**** INFORMATION SHOWN ****

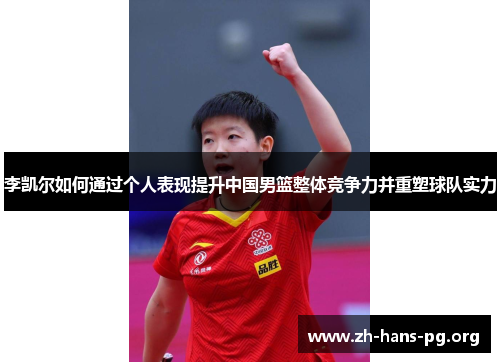 李凯尔如何通过个人表现提升中国男篮整体竞争力并重塑球队实力 李凯尔如何通过个人表现提升中国男篮整体竞争力并重塑球队实力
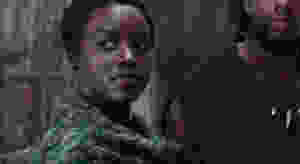Lupita Nyong’o as Nakia in Disney/Marvel’s Black Panther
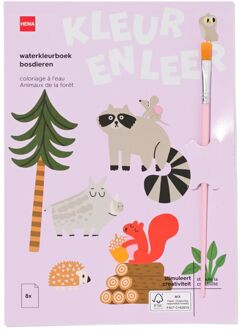 Hema Waterkleurboek A5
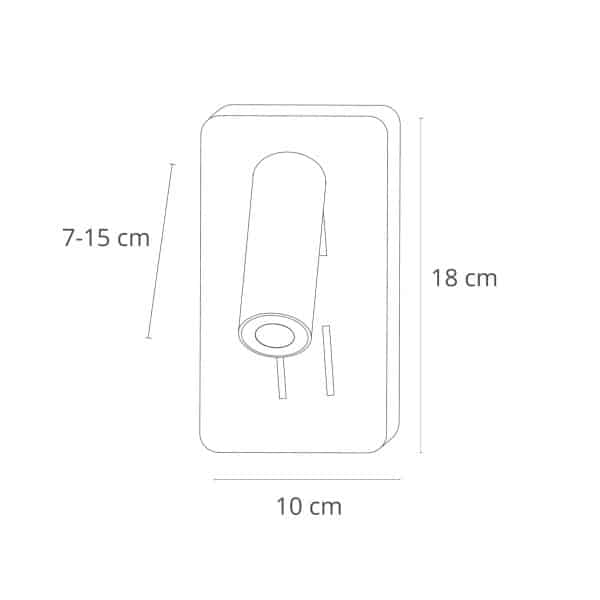 Бра Arte Lamp ELECTRA A8233AP-1WH — изображение 4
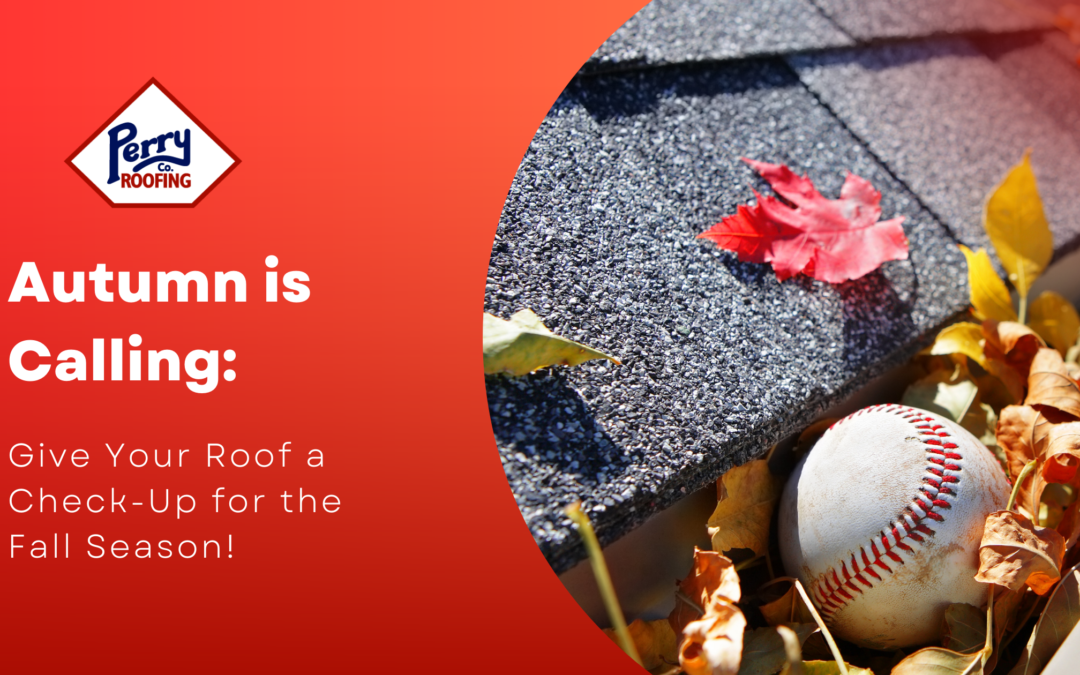 Autumn is Calling: Give Your Roof a Check-Up for the Fall Season!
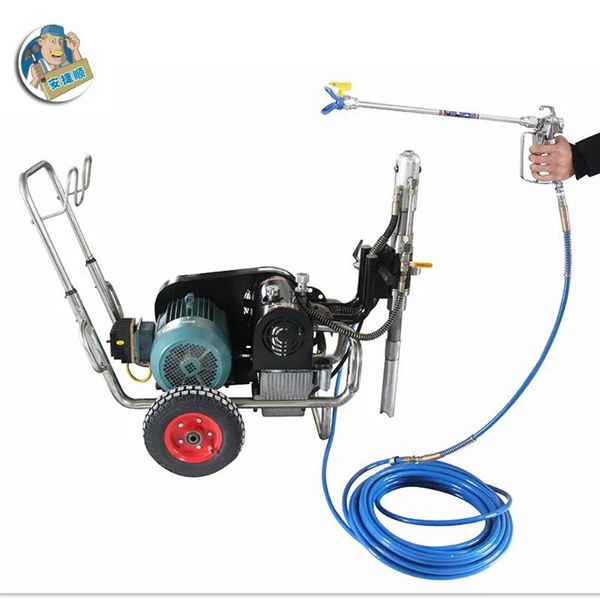 

an jie shun high pressure airless spraying machine putty putty paste professional spraying machine paint power t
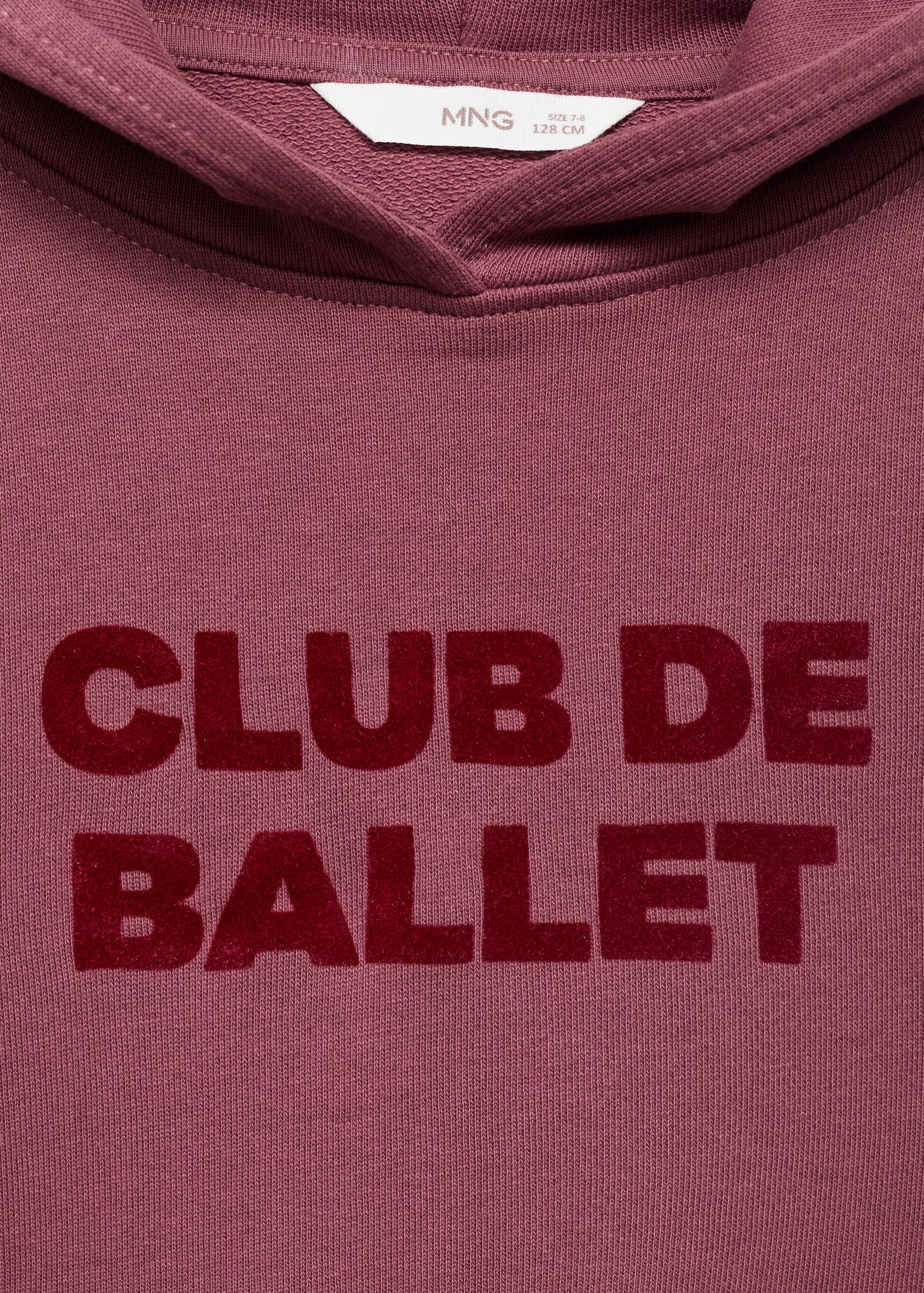 Sweat-shirt imprimé capuche - Détail de l'article 8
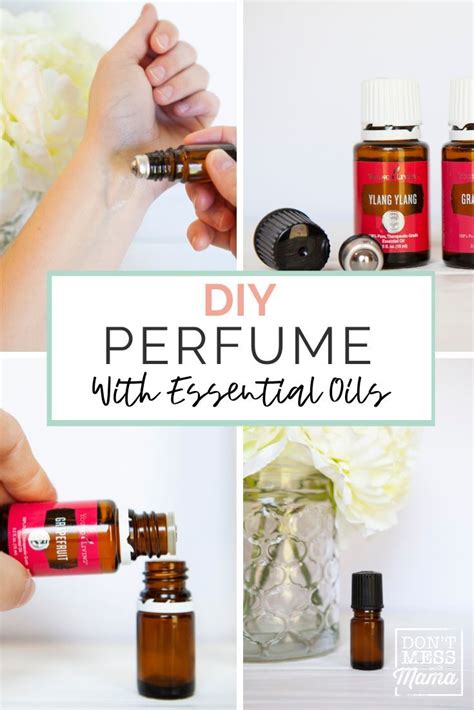 This Diy Perfume Recipe Is Super Easy To Make And Is 100 Natural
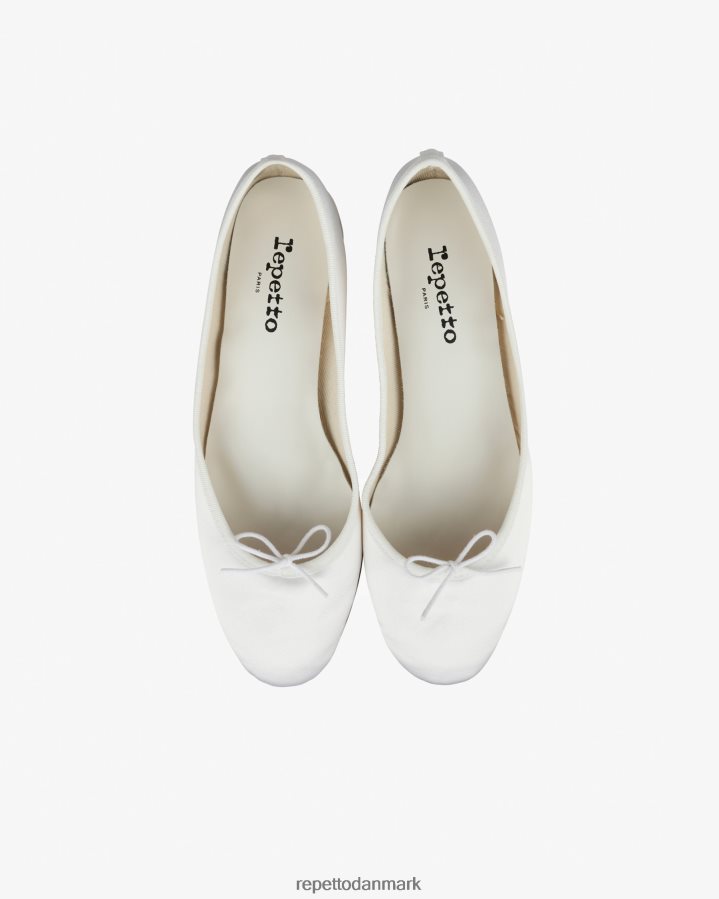 Repetto camille ballerinaer - satin Kvinder elfenben hvid fodtøj FH8P2B82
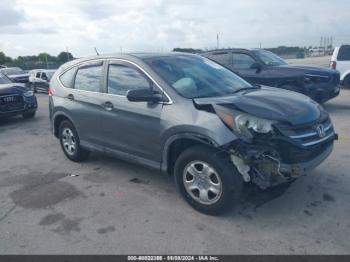  Salvage Honda CR-V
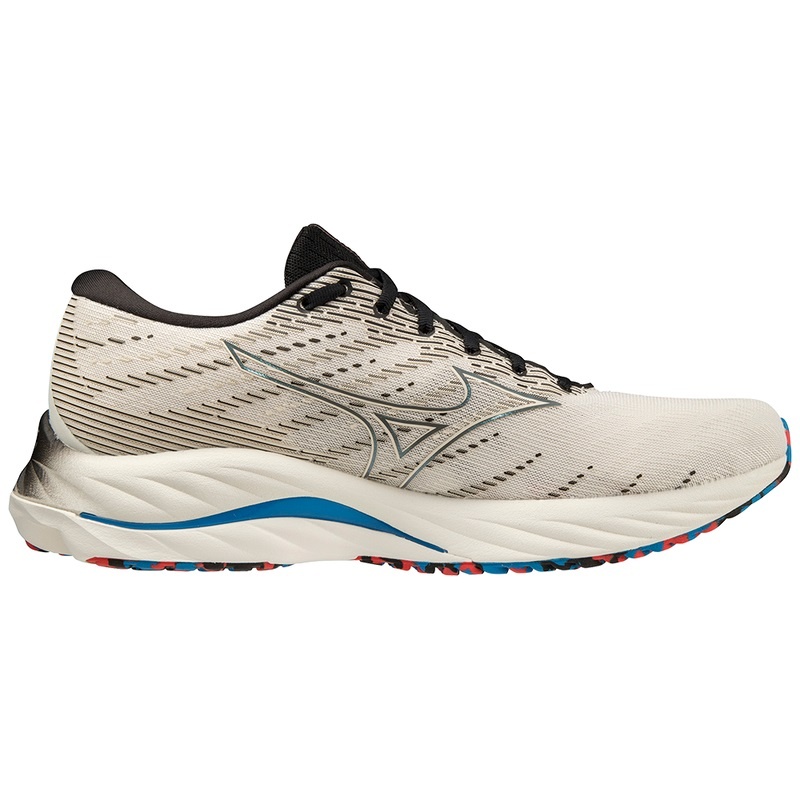 Mizuno Wave Rider 26 Παπουτσια για Τρεξιμο ανδρικα ασπρα | Greece M5924DX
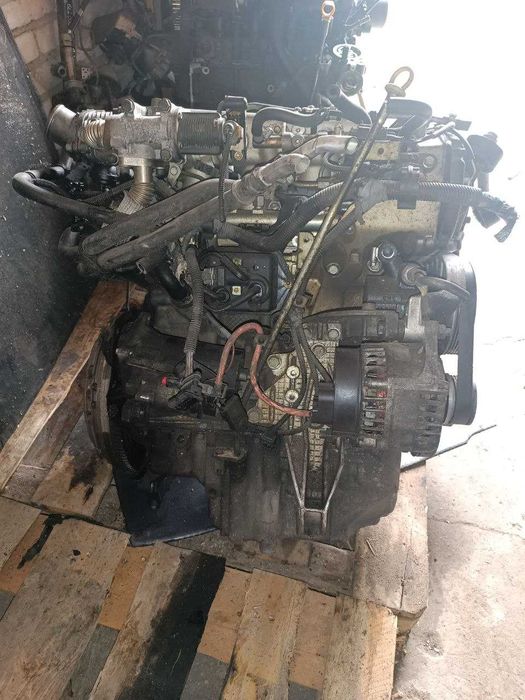 Двигун fiat grande punto doblo 1.9 jtd 199a5000 з Європи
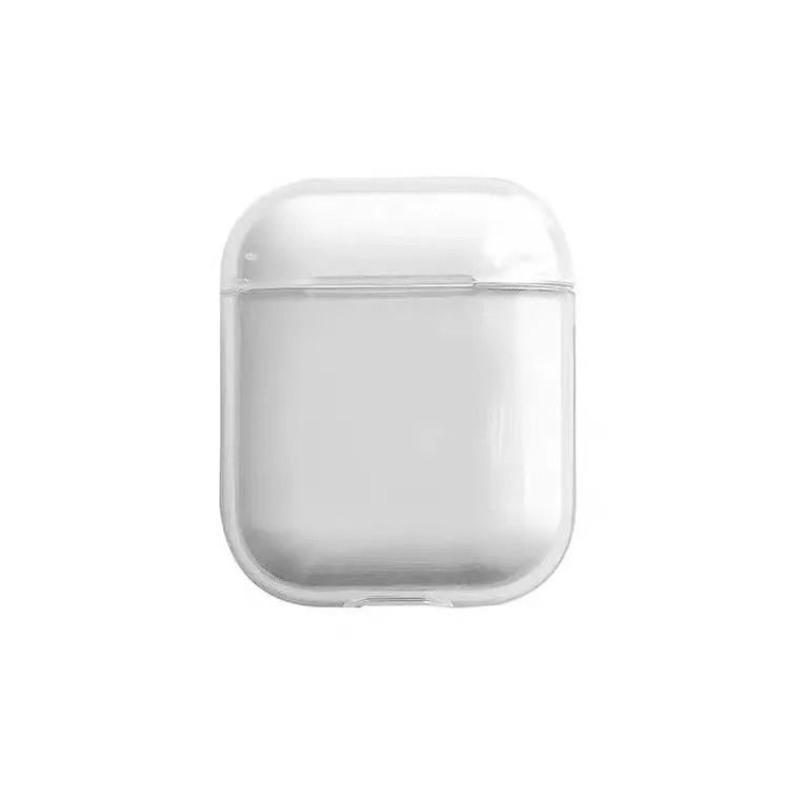 透明壳[单壳] Airpods1/2代 可爱熊华为FreeBuds3/4i苹果Airpods1/2/pro/3代耳机套蓝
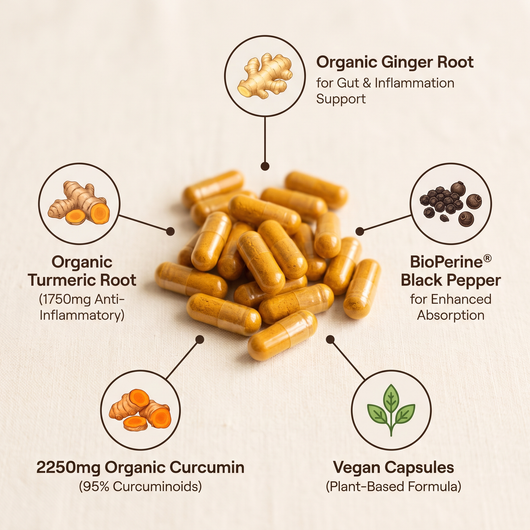 Curcumin Turmeric Powder Capsules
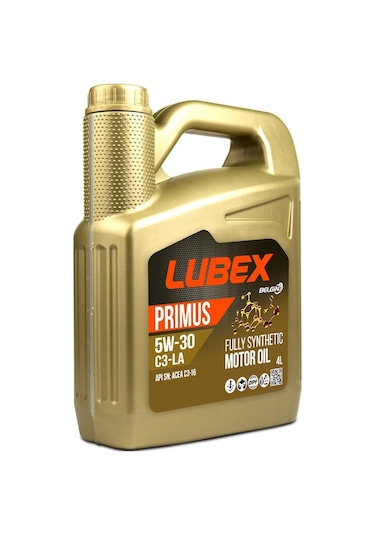 Lubex Primus C3-La 5W-30 Partiküllü Motor Yağı 4 L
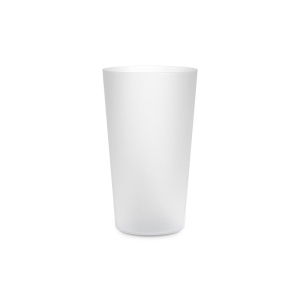 GOBELET PLASTIQUE REUTILISABLE 60 cl RAS BORD 8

****

ASSIGNMENT
Your answer must be only the lines from the one that holds "Mizuno Wave Rider" to the end of the listing, each restated word for word, with both ends kept and pictures left out.

RESULT FOR THIS TASK
 Mizuno Wave Rider 26 Παπουτσια για Τρεξιμο ανδρικα ασπρα | Greece M5924DX
 Двигун fiat grande punto doblo 1.9 jtd 199a5000 з Європи
 透明壳[单壳] Airpods1/2代 可爱熊华为FreeBuds3/4i苹果Airpods1/2/pro/3代耳机套蓝
 Curcumin Turmeric Powder Capsules
 Lubex Primus C3-La 5W-30 Partiküllü Motor Yağı 4 L
 GOBELET PLASTIQUE REUTILISABLE 60 cl RAS BORD 8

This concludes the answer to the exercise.